Already called THREADS OF GOLD, Saffron increased its price over the last 3-4 months over 100%. Spain, being one of the most important Saffron producers in the world has never seen anything like this before. As a main reason, farmers blame the bad harvest in 2008 and some sick crops.
Three weeks ago, we meet with our main supplier David Torregrosa from Chiquillin, Spain. Chiquillin celebrates this year its 100th anniversary as a well trusted Saffron company. Talking to David, I learned that they expect it to be the toughest year in company’s history. We discussed the previous and upcoming harvests and he is not very optimistic for 2009 regarding the price development.
This makes it almost impossible to import superior quality of Saffron, if the price tag is coming close to 200 USD per ounce. As long this situation goes on ask Solex for alternatives on quality levels! We will have the superior quality on PRE-ORDER ONLY.
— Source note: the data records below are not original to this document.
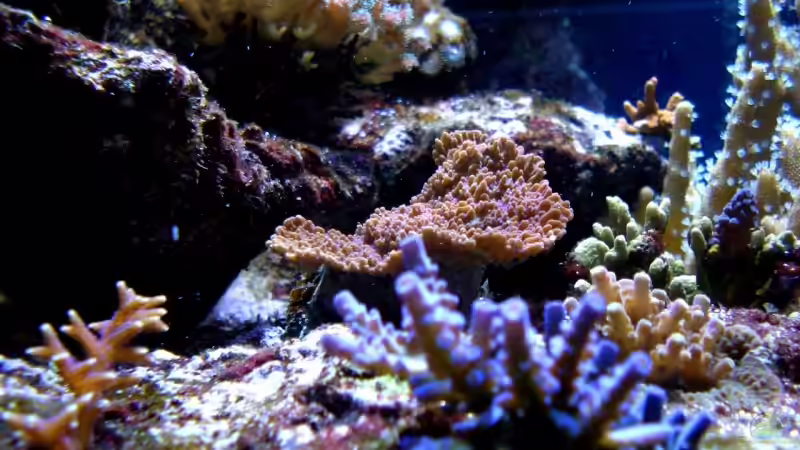 Aquarium Becken 9800 von Sveni (3)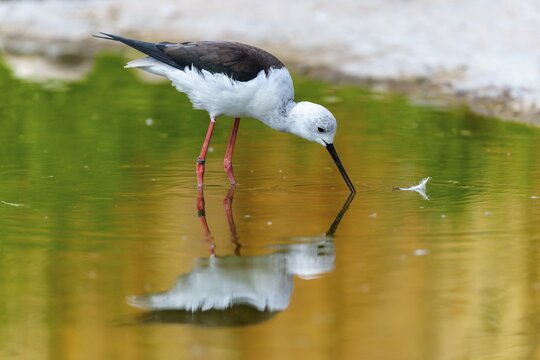 A bird in the water examining a feather as its reflection appears, Stilt (Himantopus himantopus), France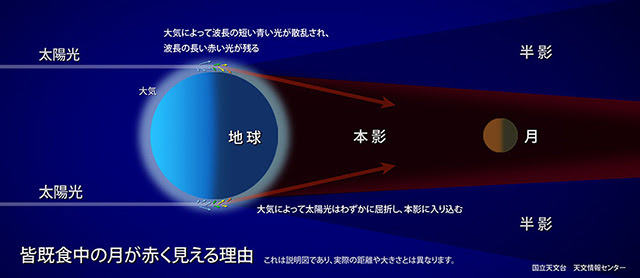 なまずえ鍼灸整骨院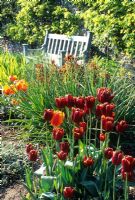 Tulipa in the hot colour borders in spring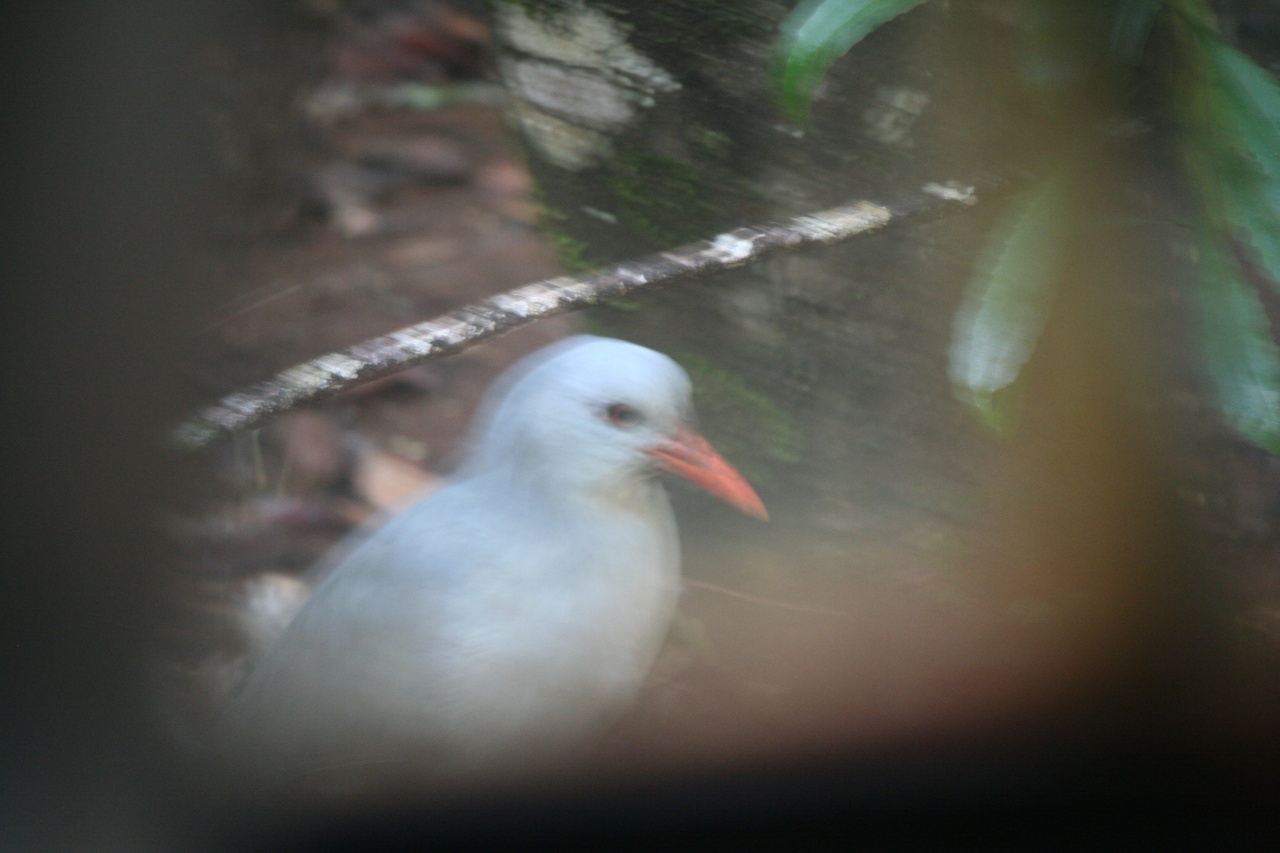 CAPTURE ONE PRO-img_4486.jpg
Buying cheap saffron mix is like throwing money away – in most cases! That’s true, if you consider what cheap saffron is made of and what you pay for it. So how do you maximize the flavor of this costly pure Saffron?
Here is what the CIA published on this question:
“…San Román has been working with researchers at the local university to understand saffron’s performance in the kitchen and develop innovative ways to use it. “We discovered that saffron flavor, color and aroma increase with time,” says the chef, who dissolves saffron threads in warm (65°C/150°F) water—one gram of saffron per liter—and keeps the infusion warm for four hours for maximum extraction. The stigmas should be white at the end of the steeping time. “You shouldn’t see red,” says San Román, or the extraction has not been thorough enough. …
Toasting saffron before use heightens aroma. Put the threads on a piece of aluminum foil in a hot oven for just a few moments to revive it, then pound in a mortar or steep in warm liquid. Store unused saffron in a cool, dry place, away from light, and it will last for two years.”